Two-point distributions concentrated at 0 and a saturate Markov. Let X = a with probability p and X = 0 with probability 1 − p. Then E[X] = pa, and P(X ≥ a) = p = E[X]/a — exact equality. This is the worst case: a distribution that's either zero or exactly at the threshold. Any 'spread' beyond this binary choice — values strictly between 0 and a, or values above a — makes Markov strictly loose. So tightness requires extreme mass concentration.
How is Markov used in algorithm analysis?
Randomized algorithms with expected running time T(n) — apply Markov to bound the probability the actual runtime exceeds 2T(n) at ≤ 50%, exceeds 10T(n) at ≤ 10%. Then run k independent copies and take the fastest: failure probability drops to 1/2^k or 1/10^k. This 'Las Vegas' technique converts an expected-time algorithm into one with high-probability worst-case time — the only ingredient needed is Markov's inequality.

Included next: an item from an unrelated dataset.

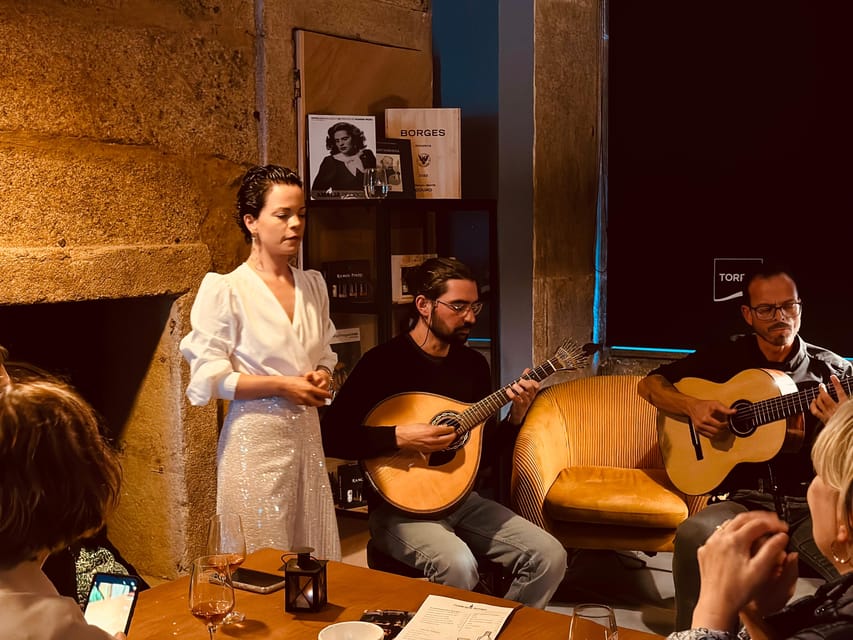 Porto: Traditional Fado Show with Welcome Drink - Key things to know before you go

Median-of-means estimators in streaming algorithms work the same way.
Why is Markov so much weaker than Chernoff for sums?
For a sum S = X₁ + ... + Xₙ of i.i.d. bounded variables, Markov on S gives P(S ≥ na) ≤ E[X]/a — a constant independent of n. But the true tail decays exponentially: e^{−Ω(n)}. Chernoff captures this by applying Markov not to S but to e^{tS}, which factors into a product of MGFs — the n-dependence enters through the product. So Chernoff = Markov + MGF trick. The independence of the summands turns Markov's polynomial-loose bound into Chernoff's exponentially-tight bound.